Prof. Tony Fels, Head of the History Department of University of San Franscisco has pointed out that an unfortunate fatal incident happened in 1740 in the presence of Benjamin Franklin in which the shirt of an initiate accidentally caught fire resulting in his death. Benjamin Franklin was deeply affected by the incident that he retired from Freemasonry for some time, even though the incident did not occur during any rituals. Let us at this stage refer to Benjamin Franklin, a great writer, printer, scientist, freedom fighter statesman and a past Grand Master. Franklin became a Mason, joining St. John’s Lodge which met at Tun Tavern in Philadelphia in his 25 th year. By the next year, he had drafted the lodge’s bylaws and was elected Junior Grand Warden of the Grand Lodge of Pennsylvania.
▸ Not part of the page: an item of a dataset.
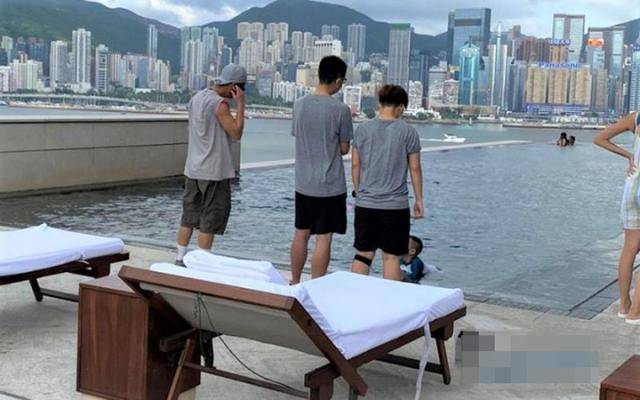 原创Jasper当哥后情绪低落,陈小春抽空陪儿子游泳递毛巾，父子情不变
He then served his first term as the Grand Master in 1734, the same year that he published Anderson’s The Constitution of the Free-Masons, the first Masonic book printed in America.

He was appointed Provincial Grand Master in 1749; then in organizational changes a year later, he was appointed Deputy Grand Master. He served on a committee to build the first Masonic building constructed in America, the “Free-Mason’s Lodge” in Philadelphia, and took a prominent part in its dedication in 1755. In 1760 he was made the Provincial Grand Master of Philadelphia. As he traveled frequently on diplomatic missions, Franklin visited lodges in England, Scotland and France. He became active with lodges in France: serving two years as Master of the Lodge of the Nine Sisters, as honorary Master of the Respectable Lodge de Saint Jean de Jerusalem, and as an honorary member of the Loges des Bon Amis of Rouen.

 We have all taken oath to protect the honour of other masons in their presence as well as their absence. Subjecting a brother to a humiliating experience of an initiation in Fellow Craft Clubs within the Masonic building itself is a serious violation of that oath.

Numerous brethren, who have reacted to the news of the unfortunate incident feel that it is time such dirty pranks and horse plays are prohibited within the Masonic building and severe action has to be taken by the Grand Lodge against the brethren, who indulge in such unmasonic activities  and save the fair name of Freemasonry.